◆ **Try it**:
Could you write the entries out again, exactly as they appear?
*** Data excerpts Section Begins ***
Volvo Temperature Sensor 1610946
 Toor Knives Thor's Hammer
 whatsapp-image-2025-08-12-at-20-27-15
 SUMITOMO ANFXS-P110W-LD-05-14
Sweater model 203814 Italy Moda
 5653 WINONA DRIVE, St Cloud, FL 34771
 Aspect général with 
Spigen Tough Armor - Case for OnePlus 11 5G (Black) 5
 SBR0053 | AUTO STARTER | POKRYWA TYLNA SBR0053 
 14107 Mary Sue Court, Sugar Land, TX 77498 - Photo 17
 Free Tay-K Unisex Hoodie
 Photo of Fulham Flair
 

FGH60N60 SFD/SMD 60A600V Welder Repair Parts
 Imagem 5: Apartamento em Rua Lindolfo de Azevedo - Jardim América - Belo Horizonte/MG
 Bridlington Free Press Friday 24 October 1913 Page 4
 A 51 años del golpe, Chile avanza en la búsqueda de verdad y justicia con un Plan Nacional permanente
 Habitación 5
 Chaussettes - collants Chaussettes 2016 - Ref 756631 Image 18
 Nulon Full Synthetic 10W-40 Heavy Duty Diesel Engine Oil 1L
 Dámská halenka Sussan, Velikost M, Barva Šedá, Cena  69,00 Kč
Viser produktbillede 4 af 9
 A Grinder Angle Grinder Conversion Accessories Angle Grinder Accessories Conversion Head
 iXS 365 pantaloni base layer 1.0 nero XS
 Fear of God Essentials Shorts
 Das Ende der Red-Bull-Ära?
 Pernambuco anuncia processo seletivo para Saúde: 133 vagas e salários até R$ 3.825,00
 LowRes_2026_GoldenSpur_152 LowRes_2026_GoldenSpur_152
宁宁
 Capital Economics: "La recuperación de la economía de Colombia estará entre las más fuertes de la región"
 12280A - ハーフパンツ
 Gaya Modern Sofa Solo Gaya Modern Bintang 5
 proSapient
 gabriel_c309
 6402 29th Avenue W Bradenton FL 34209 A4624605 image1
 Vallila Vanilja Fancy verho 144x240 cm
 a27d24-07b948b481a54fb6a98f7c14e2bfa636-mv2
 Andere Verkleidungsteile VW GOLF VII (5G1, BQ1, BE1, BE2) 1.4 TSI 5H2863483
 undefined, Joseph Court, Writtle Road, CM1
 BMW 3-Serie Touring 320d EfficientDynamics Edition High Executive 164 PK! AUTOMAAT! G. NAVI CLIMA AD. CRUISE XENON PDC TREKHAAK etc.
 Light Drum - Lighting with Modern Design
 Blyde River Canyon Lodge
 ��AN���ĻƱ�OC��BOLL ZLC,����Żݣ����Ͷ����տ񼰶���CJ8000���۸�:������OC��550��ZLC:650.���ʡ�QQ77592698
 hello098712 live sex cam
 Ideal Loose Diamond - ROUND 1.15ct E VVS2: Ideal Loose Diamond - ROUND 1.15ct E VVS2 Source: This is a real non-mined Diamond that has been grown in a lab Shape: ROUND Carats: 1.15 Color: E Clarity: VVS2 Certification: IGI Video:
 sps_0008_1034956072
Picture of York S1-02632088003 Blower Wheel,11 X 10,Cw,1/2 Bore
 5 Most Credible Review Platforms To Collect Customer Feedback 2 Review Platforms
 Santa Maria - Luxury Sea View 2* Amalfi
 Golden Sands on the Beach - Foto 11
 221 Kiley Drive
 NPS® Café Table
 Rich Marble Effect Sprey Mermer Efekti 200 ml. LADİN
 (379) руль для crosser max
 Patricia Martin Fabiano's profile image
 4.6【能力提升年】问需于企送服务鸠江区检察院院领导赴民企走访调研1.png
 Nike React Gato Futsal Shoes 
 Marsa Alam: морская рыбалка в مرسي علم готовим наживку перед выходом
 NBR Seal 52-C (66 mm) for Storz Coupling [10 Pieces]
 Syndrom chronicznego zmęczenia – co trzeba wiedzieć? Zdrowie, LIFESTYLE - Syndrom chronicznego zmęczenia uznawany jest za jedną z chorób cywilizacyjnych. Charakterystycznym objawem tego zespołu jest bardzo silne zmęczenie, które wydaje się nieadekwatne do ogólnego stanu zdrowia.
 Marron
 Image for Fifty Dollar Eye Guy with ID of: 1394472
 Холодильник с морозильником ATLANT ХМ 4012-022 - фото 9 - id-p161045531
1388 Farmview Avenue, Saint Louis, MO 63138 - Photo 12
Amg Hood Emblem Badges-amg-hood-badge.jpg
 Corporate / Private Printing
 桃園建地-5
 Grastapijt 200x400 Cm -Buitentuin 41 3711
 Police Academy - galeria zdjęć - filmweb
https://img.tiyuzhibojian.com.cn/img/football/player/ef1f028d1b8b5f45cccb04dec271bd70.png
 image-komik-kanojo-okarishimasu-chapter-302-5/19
*** Data excerpts Section Ends ***
◆ **Answer box**:
Volvo Temperature Sensor 1610946
 Toor Knives Thor's Hammer
 whatsapp-image-2025-08-12-at-20-27-15
 SUMITOMO ANFXS-P110W-LD-05-14
Sweater model 203814 Italy Moda
 5653 WINONA DRIVE, St Cloud, FL 34771
 Aspect général with 
Spigen Tough Armor - Case for OnePlus 11 5G (Black) 5
 SBR0053 | AUTO STARTER | POKRYWA TYLNA SBR0053 
 14107 Mary Sue Court, Sugar Land, TX 77498 - Photo 17
 Free Tay-K Unisex Hoodie
 Photo of Fulham Flair
 

FGH60N60 SFD/SMD 60A600V Welder Repair Parts
 Imagem 5: Apartamento em Rua Lindolfo de Azevedo - Jardim América - Belo Horizonte/MG
 Bridlington Free Press Friday 24 October 1913 Page 4
 A 51 años del golpe, Chile avanza en la búsqueda de verdad y justicia con un Plan Nacional permanente
 Habitación 5
 Chaussettes - collants Chaussettes 2016 - Ref 756631 Image 18
 Nulon Full Synthetic 10W-40 Heavy Duty Diesel Engine Oil 1L
 Dámská halenka Sussan, Velikost M, Barva Šedá, Cena  69,00 Kč
Viser produktbillede 4 af 9
 A Grinder Angle Grinder Conversion Accessories Angle Grinder Accessories Conversion Head
 iXS 365 pantaloni base layer 1.0 nero XS
 Fear of God Essentials Shorts
 Das Ende der Red-Bull-Ära?
 Pernambuco anuncia processo seletivo para Saúde: 133 vagas e salários até R$ 3.825,00
 LowRes_2026_GoldenSpur_152 LowRes_2026_GoldenSpur_152
宁宁
 Capital Economics: "La recuperación de la economía de Colombia estará entre las más fuertes de la región"
 12280A - ハーフパンツ
 Gaya Modern Sofa Solo Gaya Modern Bintang 5
 proSapient
 gabriel_c309
 6402 29th Avenue W Bradenton FL 34209 A4624605 image1
 Vallila Vanilja Fancy verho 144x240 cm
 a27d24-07b948b481a54fb6a98f7c14e2bfa636-mv2
 Andere Verkleidungsteile VW GOLF VII (5G1, BQ1, BE1, BE2) 1.4 TSI 5H2863483
 undefined, Joseph Court, Writtle Road, CM1
 BMW 3-Serie Touring 320d EfficientDynamics Edition High Executive 164 PK! AUTOMAAT! G. NAVI CLIMA AD. CRUISE XENON PDC TREKHAAK etc.
 Light Drum - Lighting with Modern Design
 Blyde River Canyon Lodge
 ��AN���ĻƱ�OC��BOLL ZLC,����Żݣ����Ͷ����տ񼰶���CJ8000���۸�:������OC��550��ZLC:650.���ʡ�QQ77592698
 hello098712 live sex cam
 Ideal Loose Diamond - ROUND 1.15ct E VVS2: Ideal Loose Diamond - ROUND 1.15ct E VVS2 Source: This is a real non-mined Diamond that has been grown in a lab Shape: ROUND Carats: 1.15 Color: E Clarity: VVS2 Certification: IGI Video:
 sps_0008_1034956072
Picture of York S1-02632088003 Blower Wheel,11 X 10,Cw,1/2 Bore
 5 Most Credible Review Platforms To Collect Customer Feedback 2 Review Platforms
 Santa Maria - Luxury Sea View 2* Amalfi
 Golden Sands on the Beach - Foto 11
 221 Kiley Drive
 NPS® Café Table
 Rich Marble Effect Sprey Mermer Efekti 200 ml. LADİN
 (379) руль для crosser max
 Patricia Martin Fabiano's profile image
 4.6【能力提升年】问需于企送服务鸠江区检察院院领导赴民企走访调研1.png
 Nike React Gato Futsal Shoes 
 Marsa Alam: морская рыбалка в مرسي علم готовим наживку перед выходом
 NBR Seal 52-C (66 mm) for Storz Coupling [10 Pieces]
 Syndrom chronicznego zmęczenia – co trzeba wiedzieć? Zdrowie, LIFESTYLE - Syndrom chronicznego zmęczenia uznawany jest za jedną z chorób cywilizacyjnych. Charakterystycznym objawem tego zespołu jest bardzo silne zmęczenie, które wydaje się nieadekwatne do ogólnego stanu zdrowia.
 Marron
 Image for Fifty Dollar Eye Guy with ID of: 1394472
 Холодильник с морозильником ATLANT ХМ 4012-022 - фото 9 - id-p161045531
1388 Farmview Avenue, Saint Louis, MO 63138 - Photo 12
Amg Hood Emblem Badges-amg-hood-badge.jpg
 Corporate / Private Printing
 桃園建地-5
 Grastapijt 200x400 Cm -Buitentuin 41 3711
 Police Academy - galeria zdjęć - filmweb
https://img.tiyuzhibojian.com.cn/img/football/player/ef1f028d1b8b5f45cccb04dec271bd70.png
 image-komik-kanojo-okarishimasu-chapter-302-5/19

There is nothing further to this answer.